The city commission unanimously passed Tuesday a budget that projects revenues of just more than $1.3 million in 2009-2010 an increase of just less than 2 percent from 2008-09.
The budget projects a slight increase in revenue from the ad valorem tax, the franchise fee, garbage and sewer billing and the insurance tax. On the other hand revenue from occupational taxes are expected to drop from $260,000 this year to $240,000 next year. Though the city has gained jobs in the Kingbrook Industrial Park recently, it has lost and will lose more jobs with the closing of Leggett & Platt later this summer.
The city expects to spend $882,000 during the next fiscal year, about $26,000 more than this year, with general government, police and insurance expenses all expected to be up slightly.
Also at their meeting Tuesday, commissioners approved a bid from WHF, Inc. to build a sewer line and pump station to the Whitney M. Young Job Corps Center. The company's bid of $200,548 was the lowest among 15 bids received for the project. The Job Corps Center is paying for the sewer project.
Commissioner Vicky Wise, who represents the commission on the Sewer Board, said the city's comprehensive sewer board ordinance is nearly ready for approval by the commission. The ordinance will repeal the dozens of existing sewer ordinances and amendments passed during past years and replace them with a single document.
The new ordinance will increase residential tap-on fees from $1,500 to $3,000, and it also doubles the penalty – from 10 percent to 20 percent – for those who pay sewer bills late.
The commission took first reading on an ordinance that updates the city's adult entertainment laws. About seven years ago, the commission passed an adult entertainment ordinance that places restrictions on where and how adult entertainment businesses can operate in Simpsonville. The new version of the ordinance merely makes a few changes based on recent court cases, Simpsonville City Administrator David B. Eaton said.
“The courts say we can't prohibit them, but we just want to make it as hard as possible for them to come here,” Eaton said.
The city of Shelbyville and Shelby County also have ordinances regulating adult entertainment businesses.
Human Rights Commission
The commission also heard from representatives of the county's Human Rights Commission who suggested the panel adopt a model ordinance that spells out the purpose, membership requirements and duties of the commission.

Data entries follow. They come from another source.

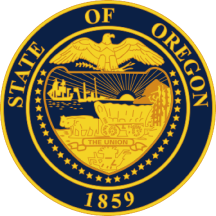 Local News in Oregon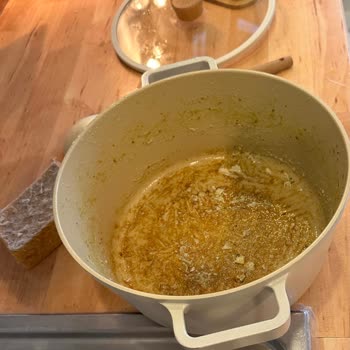 Neoflam Fika Tencereler Kaliteli Değil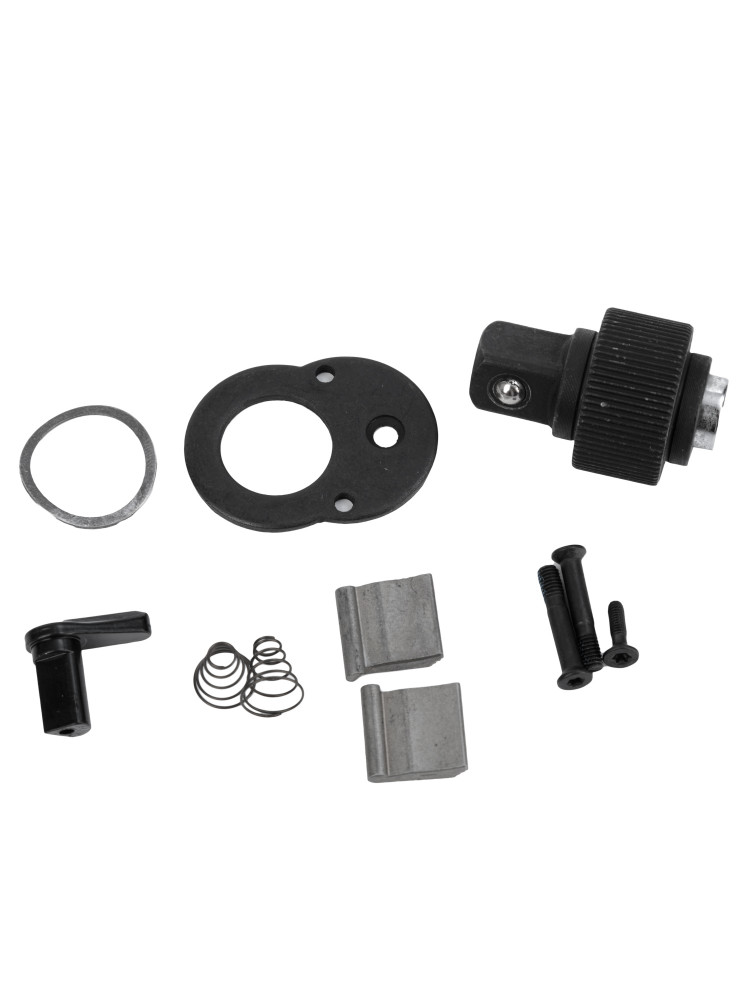 Ремкомплект для трещотки VR03332 3/8″ 72 зуба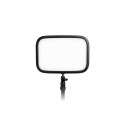 Elgato Key Light Professional Studio and Streaming Lighting (10GAK9901) 45 W LED Negro - 10gak9901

The county and the two city governments recently revived a Human Rights Commission that had been moribund for the past decade. The newest incarnation of the commission has the right to hear cases of potential discrimination and decide on the merits. If the commission feels the complaint is legitimate, it can pass the case along to the state Human Rights Commission, which does have the power of enforcement.